Plenty of window management apps and tools available. Rectangle, for example.
> I hate how there end up so many icons in the menu bar which are entirely unhelpful.
The only ones I cannot seem to be able to remove trivially are the clock and the Control Center. Solved in mere seconds by typing "menu bar" into the System Settings search. You could literally even just hold cmd and drag almost any icon out of the bar. Not to mention any of the more involved menu bar customization apps and tools.
Why does it seem like such "macOS bad Linux good" comments always compare the default macOS experience to a personalized Linux environment?
Why does an out-of-the-box Mac have to fulfill the same requirements we spent hours configuring for on a Linux machine?
Where does the capability or mindset to install a tool disappear when we move from Linux to macOS?
I think part of the problem is due to Mac and Apple have traditionally sold itself as intuitive and easy-to-use out of the box. People buy a Mac because they've been told that they don't have to spend hours configuring it. Hell Apple built a whole ad campaign around how the Mac is so much easier and more intuitive to use than Windows computers. However truth is that if you're coming from Linux or Windows, a lot of MacOS is incredibly unintuitive and weird out of the box.
I am just curious where all the willingness to tinker and solve problems appears to disappear when we move to macOS.
Windows spying on you? Oh, let's install this tool X and change a whole bunch of registry settings to prevent that.
App windows behaving annoyingly on Linux? Oh, let's just switch to a completely different desktop environment/window manager or what have you.
Too many icons in the menu bar on macOS? Yeah, I'm returning this machine. :)
Pretty much all of their complaints are addressed out of the box by most of the major desktop environments. Install whatever popular distro of your choice and you can trivially put two windows side-by-side like you can on Windows.
I'm not, I'm comparing to an unmodified, standard config Gnome or Plasma.

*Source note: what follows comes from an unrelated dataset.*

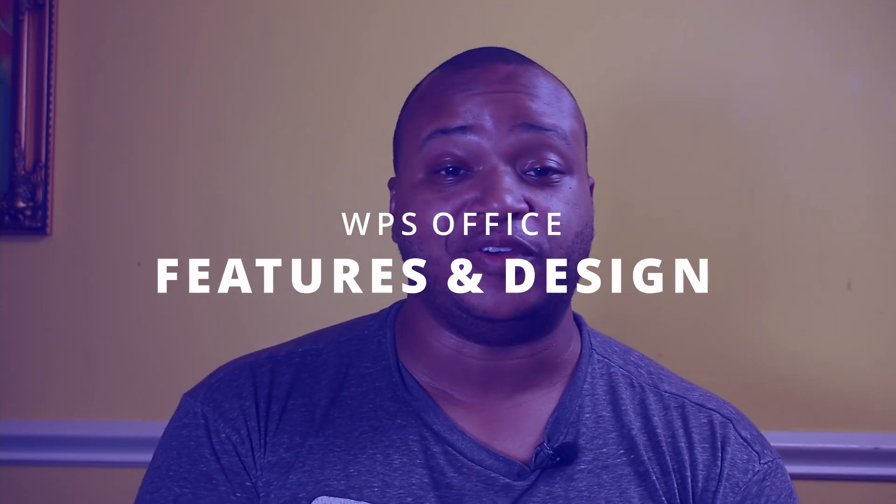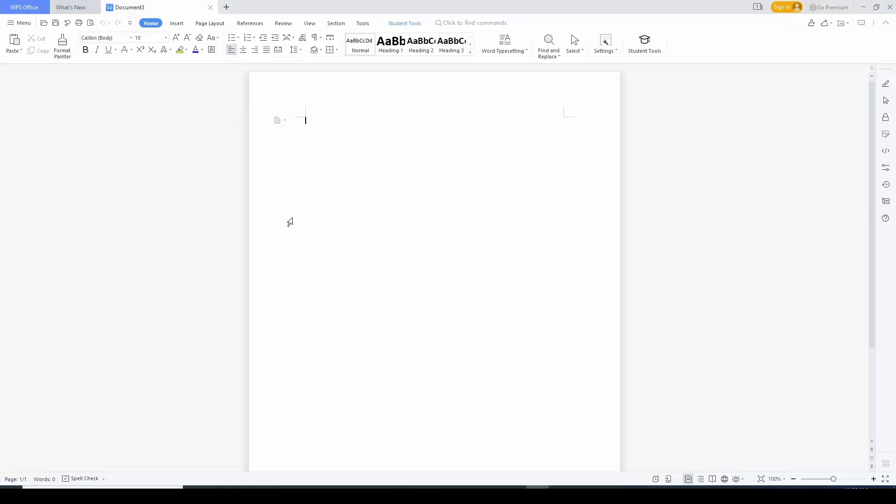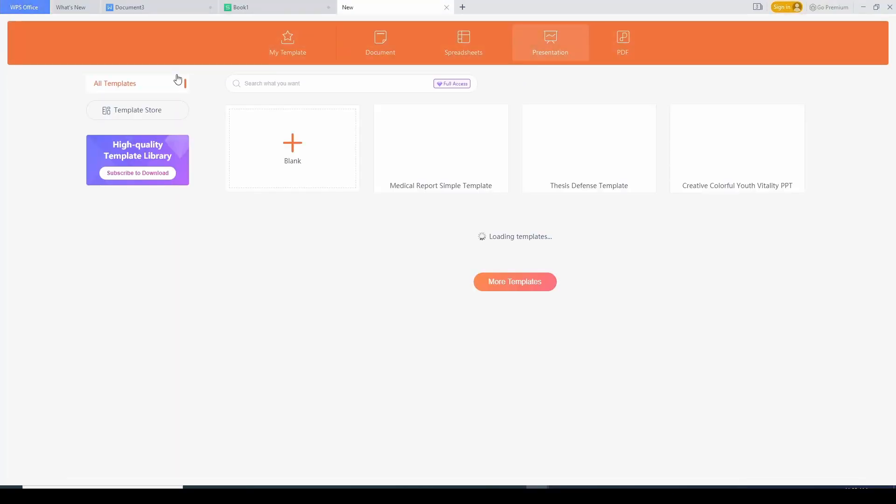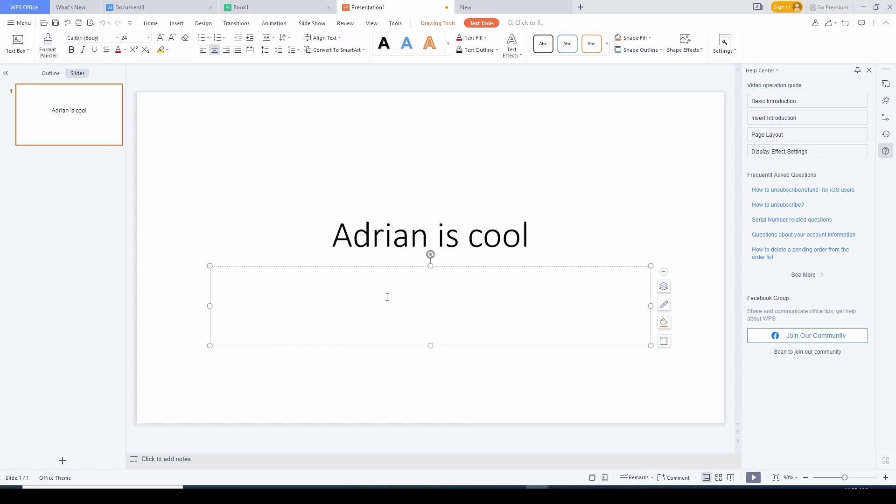The color scheme of WPS Office follows Microsoft Office, and that makes sense — when you're the king, people follow you. If the document writer were purple and the spreadsheet orange, that would throw people off. Design matters when it comes to things people use every day, whether it's colors or the way something works. Having a color scheme similar to Microsoft Office helps people who are used to it transition to WPS Office.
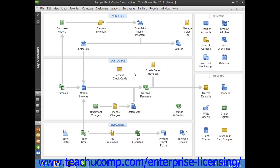When you restore your company file, you overwrite your corrupted company data with the data that you saved when you created the local backup copy. You will then have to re-enter all of the transactions that occurred since the date that you created the backup copy, up through the current day,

I also use Sway, and I'm pretty sure I've spent less time customizing/configuring it than my Mac.
Because the "Linux bad macOS good" comments say things like the parent:
> Linux may be fine if you like tinkering
Are you now saying macOS requires tinkering too?
The "windows should be grouped in terms of the applications" does not make sense to me AT ALL.
Most work is done on a project basis, which crosses application boundaries quite readily. E.g., one project might involve having an open Android Studio project, a PDF with documentation, a browser window and a note pad. "Cmd-tabbing", though, brings up the next window of the same application that I am currently on. Viewing a PDF with preview, this will bring up some random image most of the time? (Luckily this is fixed by AltTab)
No solutions for the dock from me though. Personally I hate how the dock can randomly move between two monitors if you just happen to drag a file through the area where the dock COULD go on your second screen.
Additionally, things I hate and have not been able to fix: how if you close a window of a specific application in MacOS, it moves another window of that same application forward (similar to the Cmd+Tab behaviour) and if you click on an application in the Dock, it brings forward ALL windows of that application (whereas I would expect only the most recently used one).
There is Rectangle which is free and open source.
Also there is Touch-Tab (disclaimer: I'm the developer) to switch apps with 3-finger swipe left/right.